Entries shown:
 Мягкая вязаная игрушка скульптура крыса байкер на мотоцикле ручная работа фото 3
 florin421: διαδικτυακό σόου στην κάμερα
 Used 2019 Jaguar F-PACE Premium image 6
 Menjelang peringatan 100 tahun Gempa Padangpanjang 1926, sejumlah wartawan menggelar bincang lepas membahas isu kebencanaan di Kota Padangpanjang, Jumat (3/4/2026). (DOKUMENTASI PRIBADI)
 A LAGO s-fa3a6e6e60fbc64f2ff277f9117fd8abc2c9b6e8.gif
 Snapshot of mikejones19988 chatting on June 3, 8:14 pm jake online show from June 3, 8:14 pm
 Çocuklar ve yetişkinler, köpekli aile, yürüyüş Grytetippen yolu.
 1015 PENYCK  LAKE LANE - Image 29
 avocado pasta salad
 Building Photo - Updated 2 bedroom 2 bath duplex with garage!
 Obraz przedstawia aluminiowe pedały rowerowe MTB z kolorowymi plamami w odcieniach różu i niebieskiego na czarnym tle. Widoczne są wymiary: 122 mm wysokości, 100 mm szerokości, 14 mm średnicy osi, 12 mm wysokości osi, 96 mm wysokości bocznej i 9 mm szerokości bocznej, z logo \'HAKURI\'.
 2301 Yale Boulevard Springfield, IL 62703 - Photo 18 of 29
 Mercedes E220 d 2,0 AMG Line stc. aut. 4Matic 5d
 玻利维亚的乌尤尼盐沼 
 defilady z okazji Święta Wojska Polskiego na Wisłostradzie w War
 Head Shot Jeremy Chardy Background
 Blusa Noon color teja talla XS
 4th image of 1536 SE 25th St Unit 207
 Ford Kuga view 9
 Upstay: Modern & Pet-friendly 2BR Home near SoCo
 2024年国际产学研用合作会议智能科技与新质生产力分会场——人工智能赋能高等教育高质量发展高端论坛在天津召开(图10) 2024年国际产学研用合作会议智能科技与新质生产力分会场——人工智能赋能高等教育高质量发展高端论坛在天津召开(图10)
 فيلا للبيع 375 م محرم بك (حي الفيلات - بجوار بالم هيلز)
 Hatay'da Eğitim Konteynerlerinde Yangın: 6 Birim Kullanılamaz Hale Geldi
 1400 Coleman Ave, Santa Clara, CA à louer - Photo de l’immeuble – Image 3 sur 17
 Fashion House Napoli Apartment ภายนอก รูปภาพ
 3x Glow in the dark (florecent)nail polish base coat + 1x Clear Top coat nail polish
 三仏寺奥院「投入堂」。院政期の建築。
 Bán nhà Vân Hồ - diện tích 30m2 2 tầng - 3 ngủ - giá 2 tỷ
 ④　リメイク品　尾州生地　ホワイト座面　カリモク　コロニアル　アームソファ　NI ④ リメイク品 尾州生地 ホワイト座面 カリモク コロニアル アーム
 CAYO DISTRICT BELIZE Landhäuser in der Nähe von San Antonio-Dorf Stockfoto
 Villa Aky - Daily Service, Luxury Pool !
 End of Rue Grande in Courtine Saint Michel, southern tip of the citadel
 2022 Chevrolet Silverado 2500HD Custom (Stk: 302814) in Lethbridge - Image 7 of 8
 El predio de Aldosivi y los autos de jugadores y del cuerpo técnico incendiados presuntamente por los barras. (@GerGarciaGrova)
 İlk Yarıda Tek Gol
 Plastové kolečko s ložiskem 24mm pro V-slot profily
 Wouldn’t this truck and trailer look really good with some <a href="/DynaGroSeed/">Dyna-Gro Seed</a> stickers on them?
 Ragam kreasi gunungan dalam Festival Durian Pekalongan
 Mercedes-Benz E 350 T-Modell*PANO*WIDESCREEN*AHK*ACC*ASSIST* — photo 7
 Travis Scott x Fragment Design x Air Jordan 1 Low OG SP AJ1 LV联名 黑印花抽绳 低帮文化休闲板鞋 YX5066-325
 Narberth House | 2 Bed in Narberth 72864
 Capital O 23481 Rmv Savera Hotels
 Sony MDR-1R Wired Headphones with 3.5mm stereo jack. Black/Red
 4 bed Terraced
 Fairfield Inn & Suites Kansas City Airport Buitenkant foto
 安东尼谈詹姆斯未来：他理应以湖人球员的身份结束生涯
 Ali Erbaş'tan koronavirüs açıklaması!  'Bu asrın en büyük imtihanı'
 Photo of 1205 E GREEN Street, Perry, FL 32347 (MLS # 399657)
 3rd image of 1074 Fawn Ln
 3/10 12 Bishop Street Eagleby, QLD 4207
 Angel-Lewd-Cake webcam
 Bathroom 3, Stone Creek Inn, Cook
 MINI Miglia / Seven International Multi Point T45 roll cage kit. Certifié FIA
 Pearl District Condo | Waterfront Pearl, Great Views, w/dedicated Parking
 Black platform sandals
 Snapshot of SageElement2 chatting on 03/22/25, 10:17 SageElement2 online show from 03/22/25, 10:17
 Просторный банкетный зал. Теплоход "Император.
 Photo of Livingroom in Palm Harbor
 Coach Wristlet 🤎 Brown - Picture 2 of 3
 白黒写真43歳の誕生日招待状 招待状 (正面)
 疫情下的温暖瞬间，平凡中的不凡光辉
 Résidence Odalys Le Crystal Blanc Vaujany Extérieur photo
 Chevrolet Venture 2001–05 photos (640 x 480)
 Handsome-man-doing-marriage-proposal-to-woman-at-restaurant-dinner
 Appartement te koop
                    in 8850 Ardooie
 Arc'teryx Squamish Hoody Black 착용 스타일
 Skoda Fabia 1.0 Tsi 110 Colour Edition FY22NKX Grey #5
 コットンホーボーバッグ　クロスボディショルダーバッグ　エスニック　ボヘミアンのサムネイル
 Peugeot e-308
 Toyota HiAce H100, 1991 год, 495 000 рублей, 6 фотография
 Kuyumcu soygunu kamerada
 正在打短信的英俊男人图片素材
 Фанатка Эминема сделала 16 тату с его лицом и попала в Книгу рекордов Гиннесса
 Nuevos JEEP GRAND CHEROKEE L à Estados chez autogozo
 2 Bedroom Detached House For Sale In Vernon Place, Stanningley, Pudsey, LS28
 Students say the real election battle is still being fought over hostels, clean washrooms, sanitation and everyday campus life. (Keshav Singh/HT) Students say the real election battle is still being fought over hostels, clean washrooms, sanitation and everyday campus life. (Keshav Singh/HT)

What is expected:
Among the records above, only the lines between the line holding "3/10 12 Bishop Street Eagleby, QLD 4207" and the line holding "Black platform sandals", inclusive, are to be output, exactly as written.

Response to this task:
 3/10 12 Bishop Street Eagleby, QLD 4207
 Angel-Lewd-Cake webcam
 Bathroom 3, Stone Creek Inn, Cook
 MINI Miglia / Seven International Multi Point T45 roll cage kit. Certifié FIA
 Pearl District Condo | Waterfront Pearl, Great Views, w/dedicated Parking
 Black platform sandals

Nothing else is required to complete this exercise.